[LeetCode] 53. Maximum Subarray（最大子数组）

• Difficulty: Easy

• Related Topics: Array, Divide and Conqur, Dynamic Programming

• Link: https://leetcode.com/problems/maximum-subarray/

Description

Given an integer array nums, find the contiguous subarray (containing at least one number) which has the largest sum and return its sum.

给定一个整数数组 nums，找一个连续子数组（至少包含一个数），这个子数组的元素和最大并返回这个和。

Follow up

If you have figured out the O(n) solution, try coding another solution using the divide and conqur approach, which is more subtle.

如果你已经用 (O(N)) 的方法解决了，尝试用更微妙的分治法解决它。

Examples

Example 1

Input: nums = [-2,1,-3,4,-1,2,1,-5,4]
Output: 6
Explanation: [4,-1,2,1] has the largest sum = 6.

Example 2

Input: nums = [1]
Output: 1

Example 3

Input: nums = [0]
Output: 0

Example 4

Input: nums = [-1]
Output: -1

Example 5

Input: nums = [-2147483647]
Output: -2147483647

Constraints

• 1 <= nums.length <= 2*10^4

• -2^31 <= nums[i] <= 2^31-1

Solution

动态规划法：

假设有数组 nums，我们需要求以下标 i 结尾的子数组的最大值，那么有以下两种情况：

1. 包括下标 i 之前的元素，这样只要求以 i - 1 下标为结尾的子数组的最大值，加上 i 即可

2. 不包括下标 i 之前的元素，即单纯只有 nums[i]（因为之前元素的子数组和的最大值可能为负数）

以上两种情况取最大值，得到状态转移方程：

[result[i] = max(result[i - 1] + nums[i], nums[i]) ]

由于当前状态只与前一个状态有关，所以本来需要开一个数组的空间，现在可以压缩到一个变量

localMax = max(nums[i], localMax + nums[i])

最后的代码如下：

import kotlin.math.max

class Solution {
    fun maxSubArray(nums: IntArray): Int {
        if (nums.isEmpty()) {
            return 0
        }
        if (nums.size == 1) {
            return nums[0]
        }
        var result = nums[0]
        var currentMax = nums[0]
        for (i in 1..nums.lastIndex) {
            currentMax = max(nums[i], currentMax + nums[i])
            result = max(currentMax, result)
        }
        return result
    }
}

分治法：

对于分治法，需要考虑以下问题：这个最大子数组位于哪里？

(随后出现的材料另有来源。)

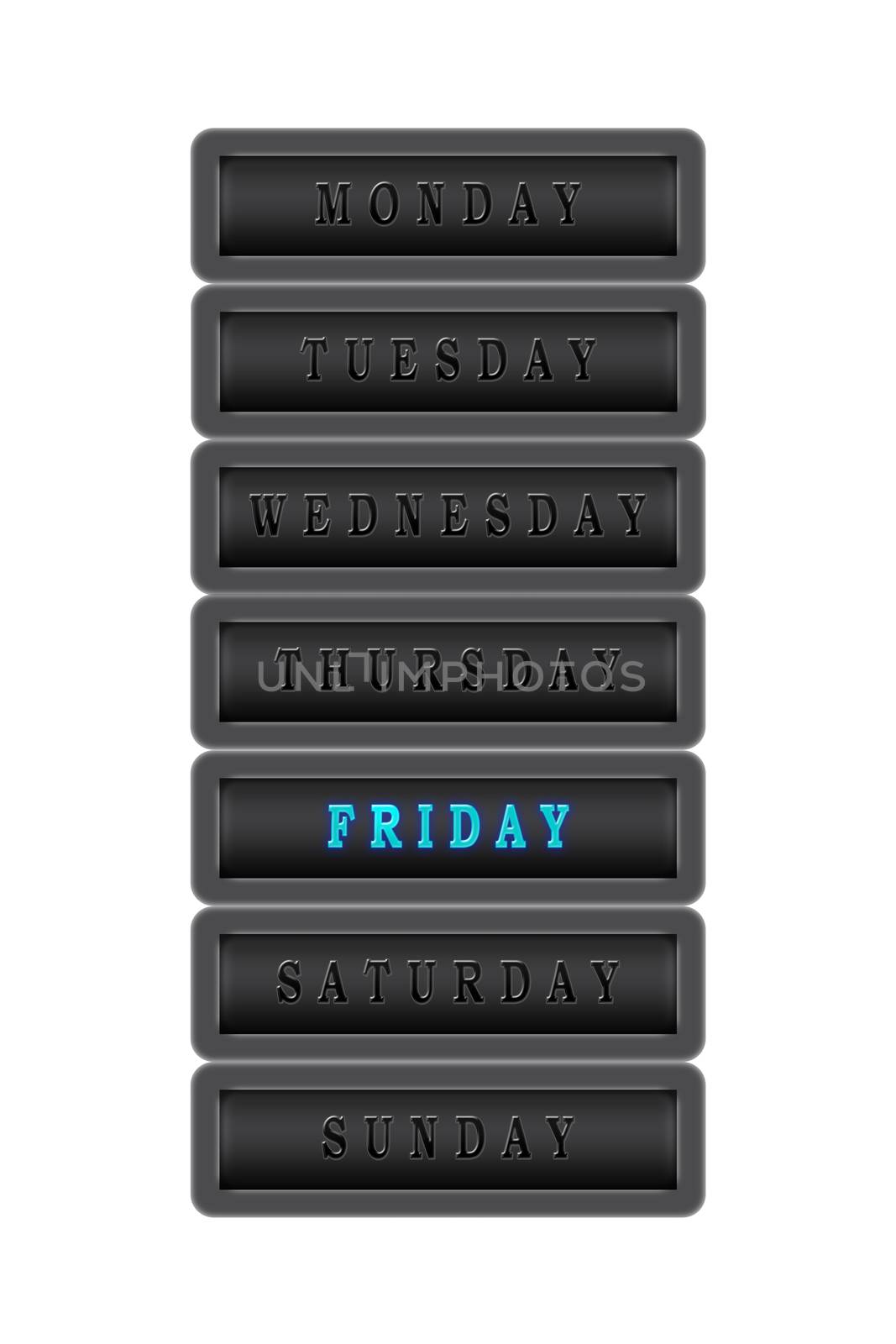 In the days of the week list, Friday is highlighted in blue on a by Grommik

有三种情况：

1. 完全位于左半边

2. 完全位于右半边

3. 跨越左半边和右半边

于是可以将数组分成两半，对左右两边的求解可以得到情况 1 和情况 2，对于情况 3 也只需要以 (O(N)) 时间从中间位置扫描一遍数组即可，代码如下：

import kotlin.math.max

class Solution {
    fun maxSubArray(nums: IntArray): Int {
        return if (nums.isEmpty()) {
            0
        } else {
            maxSubArray(nums, 0, nums.lastIndex)
        }
    }

    private fun maxSubArray(nums: IntArray, left: Int, rightInclusive: Int): Int {
        if (left > rightInclusive) {
            return Int.MIN_VALUE
        }
        val mid = left + (rightInclusive - left) / 2
        val leftMax = maxSubArray(nums, left, mid - 1)
        val rightMax = maxSubArray(nums, mid + 1, rightInclusive)
        val crossSum = maxCrossSum(nums, left, mid, rightInclusive)

        return maxOf(leftMax, crossSum, rightMax)
    }

    private fun maxCrossSum(nums: IntArray, left: Int, mid: Int, rightInclusive: Int): Int {
        var sum = 0
        var leftSum = 0
        for (i in mid - 1 downTo left) {
            sum += nums[i]
            leftSum = max(leftSum, sum)
        }

        sum = 0
        var rightSum = 0
        for (i in mid + 1..rightInclusive) {
            sum += nums[i]
            rightSum = max(rightSum, sum)
        }
        return leftSum + rightSum + nums[mid]
    }
}